BBC Music is underpinned by the Musicbrainz music database and Wikipedia, thereby linking out into the Web as well as improving links within the BBC site. BBC Music takes the approach that the Web itself is its content management system. Our editors directly contribute to Musicbrainz and Wikipedia, and BBC Music will show an aggregated view of this information, put in a BBC context.

Instead of separating BBC and Wikipedia content (and putting the later in quarantine as does EOL), the BBC embraces Wikipedia, editing Wikipedia content if they feel a page need improving. One advantage of this approach is that it avoids the need for the BBC to replicate Wikipedia, either in terms of content (the BBC doesn't need to write its own descriptions of what an organism does) or services (the BBC doesn't need to develop tools for people to edit the BBC pages, people use Wikipedia's infrastructure for this). Wikipedia provides core text and identifiers, BBC provides its own unique content and branding.

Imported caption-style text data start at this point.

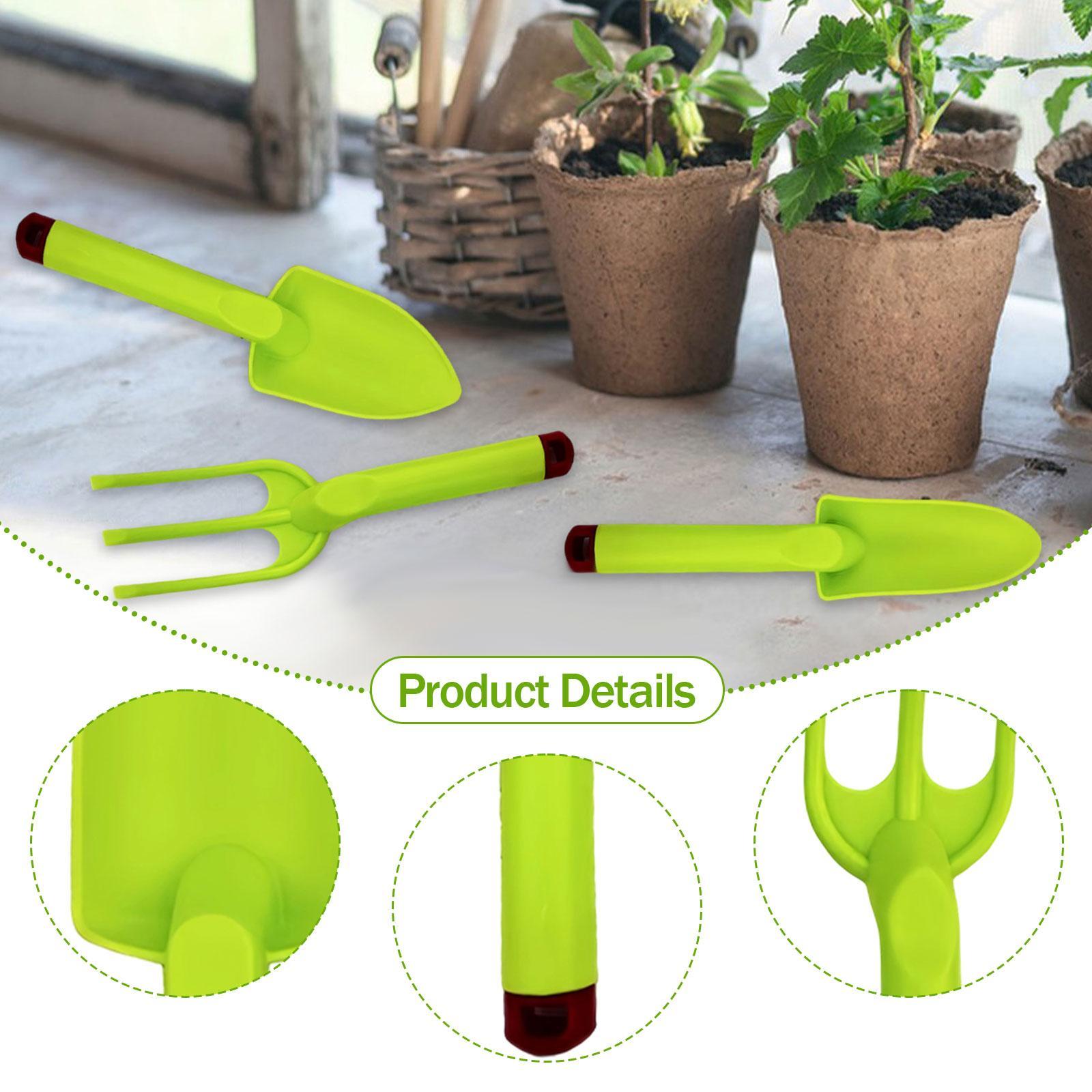 Mini Kids Gardening Tools Port - Kids Outdoor Garden Set review and price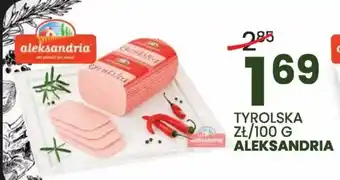 Wafelek Tyrolska Aleksandria oferta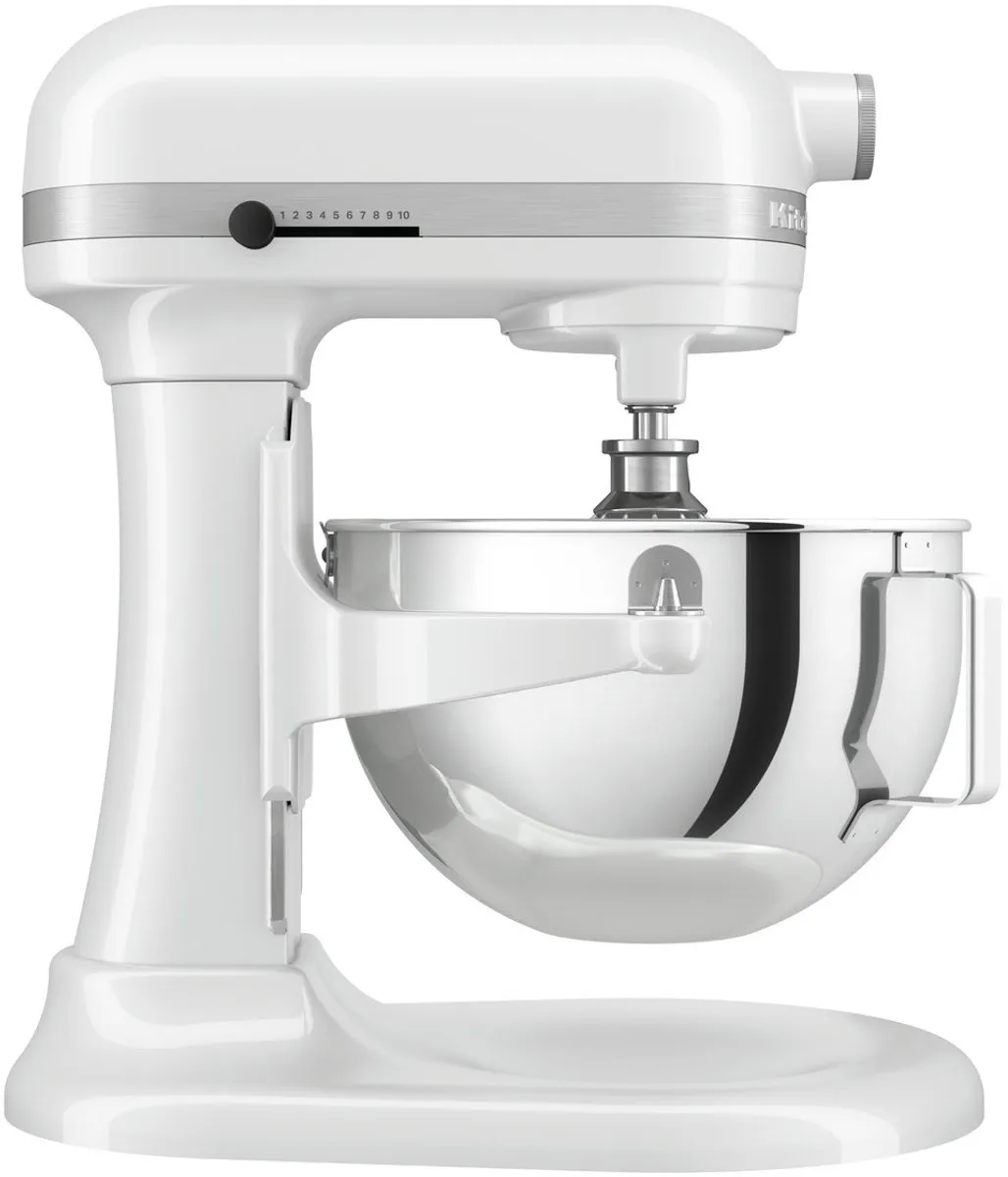 KitchenAid 5KSM55SXX Blender - 375W - Wit - afbeelding 6 van 6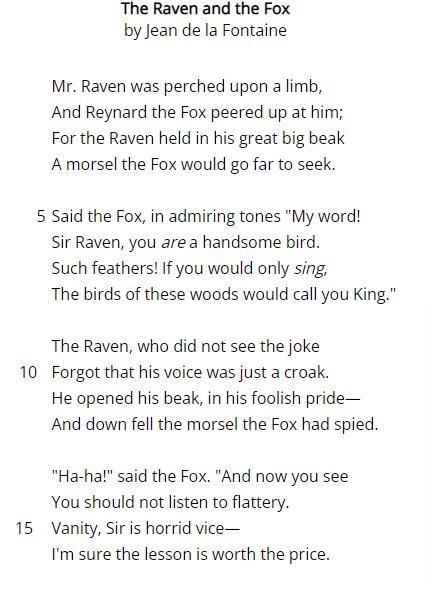 Which line from the poem best describes the setting? A. The birds of these woods would-example-1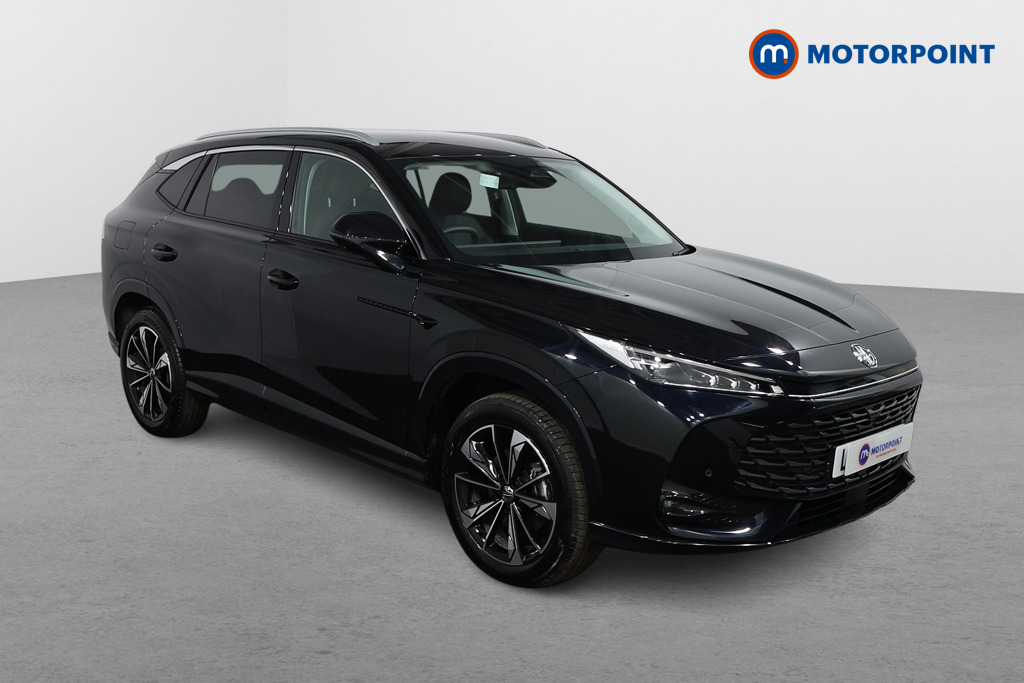 Mg Motor Uk HS Trophy Manual Petrol SUV - Stock Number (1527093) - Drivers side front corner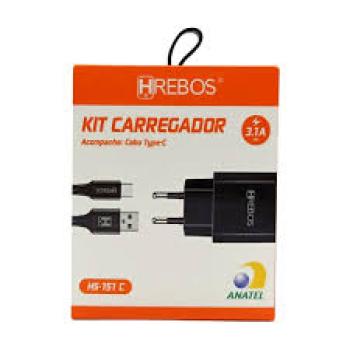 Carregador p/ Celular - Hrebos 151i - iphone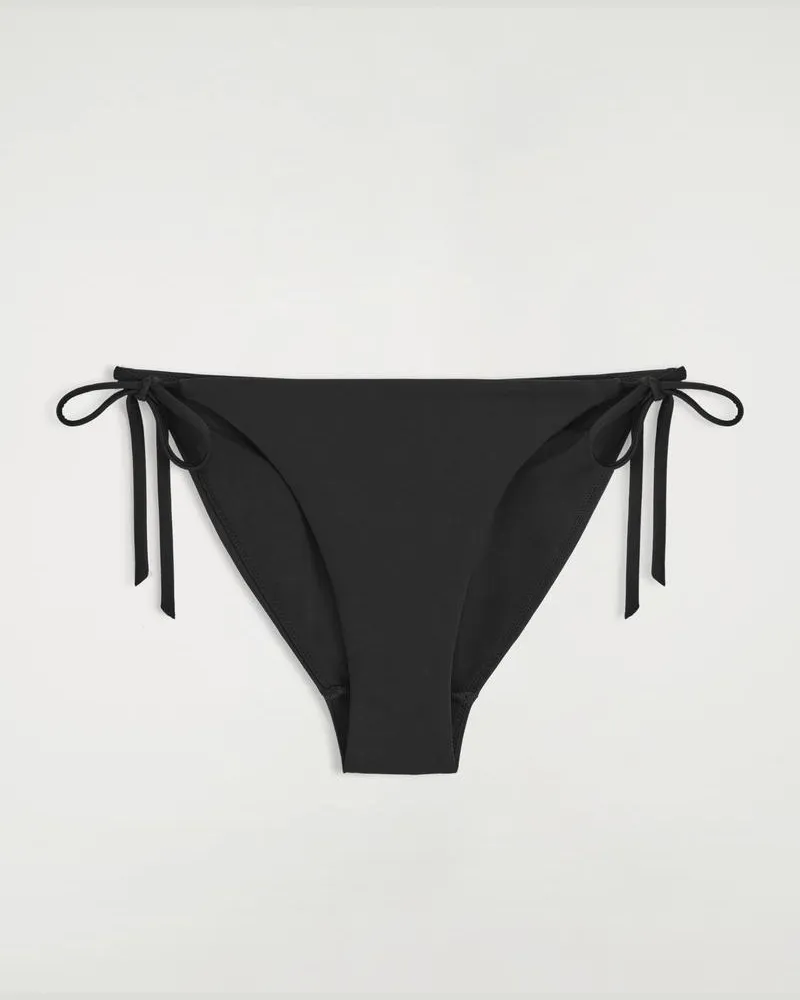 COS Bikinihose Zum Binden Schwarz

EOL is trying something different, and perhaps more challenging (at least to do it properly). Given that both EOL and Wikipedia offer text about organisms, there is likely to be overlap (and possibly conflict) between what EOL and Wikipedia say about the same taxon. Furthermore, there will be duplication of information such as bibliographic references. For example, the Wikipedia content included in the EOL page for Leiopython contains a bibliography, which includes these references:

Hubrecht AAW. 1879. Notes III on a new genus and species of Pythonidae from Salawatti. Notes from the Leyden Museum 14-15.

Boulenger GA. 1898. An account of the reptiles and batrachians collected by Dr. L. Loria in British New Guinea. Annali del Museo Civico de Storia Naturale di Genova (2) 18:694-710

The genus name Leiopython was published by Hubrecht (1879), and Boulenger (1898) is cited in support of a claim that a distribution record is erroneous. Hence, these look like useful papers to read. Neither reference on the Wikipedia page is linked to an online version of the article, but both have been scanned by EOL's partner BHL (you can see the articles in BioStor here, and here, respectively)¹.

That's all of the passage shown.